3. Diagnostic output
- Add code to count the number of times you win the game.
- Turn off the animation and increase the number of episodes.
- Is the default strategy able to win the game ever?
4. Model updater
Now we need some way to update the Q-table.
Q-learning is based on one very simple update rule: \[Q(s,a) \leftarrow Q(s,a) + \alpha\left(\left[
R(s,a,s') + \gamma \max\limits_{a'}Q(s',a')\right] - Q(s,a)\right),\] where \(\alpha\) is the learning rate, which controls the speed of convergence.
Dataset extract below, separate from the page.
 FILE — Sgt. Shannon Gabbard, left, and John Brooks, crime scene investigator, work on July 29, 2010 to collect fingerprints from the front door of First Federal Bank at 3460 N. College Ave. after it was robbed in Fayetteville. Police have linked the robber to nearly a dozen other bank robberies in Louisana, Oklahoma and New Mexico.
- Look at the correction term in the update rule (the parenthesis multiplied by \(\alpha\)). Are all the quantities known to the agent? What are the corresponding variables in python?
- Implement
update()
5. Epsilon decay
- What does the above line do?
- Do the attribute name match the ones you have used?
- Implement
decay_epsilon()
. - Reflect: Why should \(\epsilon\) decline during training?
6. Testing
- Test the system. Add more diagnostic output as required..
- Turn the animation off to be able to test realistically.
- Try both Eirik’s default Q-table and one initialised with zeroes only. Does this matter a lot?
- Does the Q-table change a lot during training?
- What happens when you change the training parameters (input to the Agent constructor)?
7. The slippery ice
Change the environment to be slippery
- Repeat the tests from 1F. What do you observe?
8. The slippery ice
- Reflect upon your solution.
- What are the key elements of Q-learning?
- Which design decisions are critically to make Q-learning work?
- Is Q-learning an appropriate solution to the problem?
9. Optional
Adapt your solution for other problems in Gymnasium, such as Blackjack.